Error in Autoencoder

``class Autoencoder(nn.Module):
def init(self):
super(Autoencoder, self).init()
self.encoder = nn.Sequential(
nn.Conv2d(1, 16, 3, stride=2, padding=1),
nn.ReLU(),
nn.Conv2d(16, 32, 3, stride=2, padding=1),
nn.ReLU(),
nn.Conv2d(32, 64, 3)
)
self.decoder = nn.Sequential(
nn.ConvTranspose2d(64, 32, 3),
nn.ReLU(),
nn.ConvTranspose2d(32, 16, 3, stride=2, padding=1, output_padding=1),
nn.ReLU(),
nn.ConvTranspose2d(16, 1, 3, stride=2, padding=1, output_padding=1),
nn.Sigmoid()
)

def forward(self, x):
    x = self.encoder(x)
    x = self.decoder(x)
    return x`

the error in loss_train = criterion(output_train, y_train.long())

RuntimeError: only batches of spatial targets supported (3D tensors) but got targets of dimension: 1

Since you are passing the targets as LongTensors, I assume you are using nn.CrossentropyLoss.
Also based on the posted architecture it seems you are working on a multi-class segmentation use case.
If that’s the case, the model output is expected to contain logits (so remove the sigmoid) in the shape [batch_size, nb_classes, height, width], while the target should be a LongTensor in the shape [batch_size, height, width] containing the class indices in the range [0, nb_classes-1].

Hi @ptrblck , it’s the same thing

class Autoencoder(nn.Module):
    def __init__(self):
        super(Autoencoder, self).__init__()
        self.encoder = nn.Sequential(
            nn.Conv2d(1, 16, 3, stride=2, padding=1),
            nn.ReLU(),
            nn.Conv2d(16, 32, 3, stride=2, padding=1),
            nn.ReLU(),
            nn.Conv2d(32, 64, 3)
        )
        self.decoder = nn.Sequential(
            nn.ConvTranspose2d(64, 32, 3),
            nn.ReLU(),
            nn.ConvTranspose2d(32, 16, 3, stride=2, padding=1, output_padding=1),
            nn.ReLU(),
            nn.ConvTranspose2d(16, 1, 3, stride=2, padding=1, output_padding=1),
            
        )

    def forward(self, x):
        x = self.encoder(x)
        x = self.decoder(x)
        return x

x_train, y_train = Variable(train_x), Variable(train_y)
   
    x_val, y_val = Variable(val_x), Variable(val_y)
  
    if torch.cuda.is_available():
      
        x_train = x_train.cuda()
        y_train = y_train.cuda()
        x_val = x_val.cuda()
        y_val = y_val.cuda()

  
    optimizer.zero_grad()

    
    output_train = model(x_train.float())
    output_val = model(x_val.float())
    

   
    loss_train = criterion(output_train, y_train.long())

help me plzz :pensive:

Are x_train, y_train, x_val, y_val batched inputs or only a single sample? That may explain the shape/batch error.

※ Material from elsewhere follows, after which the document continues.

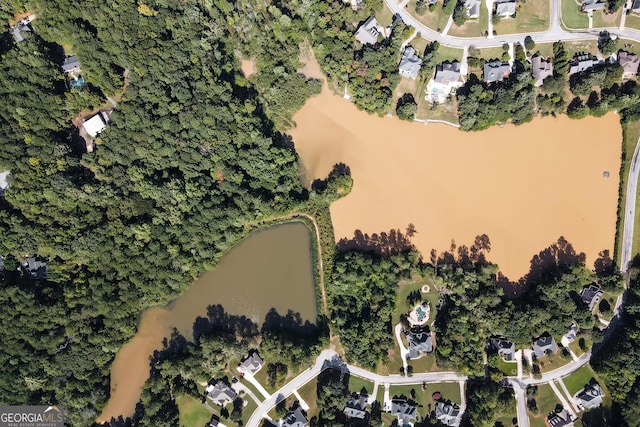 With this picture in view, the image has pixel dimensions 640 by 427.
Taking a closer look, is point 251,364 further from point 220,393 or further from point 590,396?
point 590,396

Also, is this is an image autoencoder? If it is, then:

  1. Normalize your inputs
  2. No need to pass targets as long.
  3. Use MSELoss() as criterion

X_train in input, and y_train is output

hwo normalize my input?

Here is a link to a beginner friendly Image Autoencoder template that I have written. The same concept can be applied to any image feature extracting autoencoder. Please feel free to PM if you have any doubts as to what the code does, I’ll be happy to help.

Regards,

RuntimeError: Calculated padded input size per channel: (1 x 1). Kernel size: (3 x 3). Kernel size can’t be greater than actual input size

That would be because your inputs are too small. Since, that notebook is based on MNIST, the minimum input size needs to be 28x28.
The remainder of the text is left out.